# Exercise:
Exact reproduction required: the lines below from the line with "400 Folhas de" to the line with "Фото: BioShock", both ends included, and no others.

* * * *

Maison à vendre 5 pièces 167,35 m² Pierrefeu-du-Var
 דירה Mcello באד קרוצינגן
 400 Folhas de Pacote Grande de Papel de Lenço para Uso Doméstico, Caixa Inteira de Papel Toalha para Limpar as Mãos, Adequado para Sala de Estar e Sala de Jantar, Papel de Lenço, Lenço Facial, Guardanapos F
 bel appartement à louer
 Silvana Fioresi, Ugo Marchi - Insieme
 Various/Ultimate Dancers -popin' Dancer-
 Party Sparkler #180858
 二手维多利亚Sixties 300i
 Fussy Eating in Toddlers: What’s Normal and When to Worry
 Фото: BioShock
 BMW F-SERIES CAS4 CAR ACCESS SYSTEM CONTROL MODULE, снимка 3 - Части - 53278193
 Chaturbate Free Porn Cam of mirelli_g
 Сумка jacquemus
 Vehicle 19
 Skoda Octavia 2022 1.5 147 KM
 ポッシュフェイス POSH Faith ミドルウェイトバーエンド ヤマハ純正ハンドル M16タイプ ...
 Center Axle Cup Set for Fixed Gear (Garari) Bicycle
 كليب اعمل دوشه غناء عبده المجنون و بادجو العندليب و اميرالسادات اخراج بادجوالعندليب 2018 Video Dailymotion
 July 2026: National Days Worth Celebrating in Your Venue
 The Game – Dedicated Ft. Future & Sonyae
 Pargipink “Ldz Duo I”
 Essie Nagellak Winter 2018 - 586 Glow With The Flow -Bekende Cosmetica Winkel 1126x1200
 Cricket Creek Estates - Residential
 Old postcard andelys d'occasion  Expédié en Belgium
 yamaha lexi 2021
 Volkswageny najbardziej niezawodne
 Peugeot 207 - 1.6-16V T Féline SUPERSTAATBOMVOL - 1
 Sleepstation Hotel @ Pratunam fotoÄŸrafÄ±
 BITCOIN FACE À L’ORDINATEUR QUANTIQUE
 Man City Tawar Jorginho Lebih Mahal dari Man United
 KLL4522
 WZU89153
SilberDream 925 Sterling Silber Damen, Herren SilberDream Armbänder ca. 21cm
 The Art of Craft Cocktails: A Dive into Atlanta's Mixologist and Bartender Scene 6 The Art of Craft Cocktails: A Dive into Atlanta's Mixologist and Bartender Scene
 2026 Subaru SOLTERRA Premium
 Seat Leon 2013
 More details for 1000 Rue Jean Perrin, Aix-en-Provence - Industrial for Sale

* * * *

# Task answer:
 400 Folhas de Pacote Grande de Papel de Lenço para Uso Doméstico, Caixa Inteira de Papel Toalha para Limpar as Mãos, Adequado para Sala de Estar e Sala de Jantar, Papel de Lenço, Lenço Facial, Guardanapos F
 bel appartement à louer
 Silvana Fioresi, Ugo Marchi - Insieme
 Various/Ultimate Dancers -popin' Dancer-
 Party Sparkler #180858
 二手维多利亚Sixties 300i
 Fussy Eating in Toddlers: What’s Normal and When to Worry
 Фото: BioShock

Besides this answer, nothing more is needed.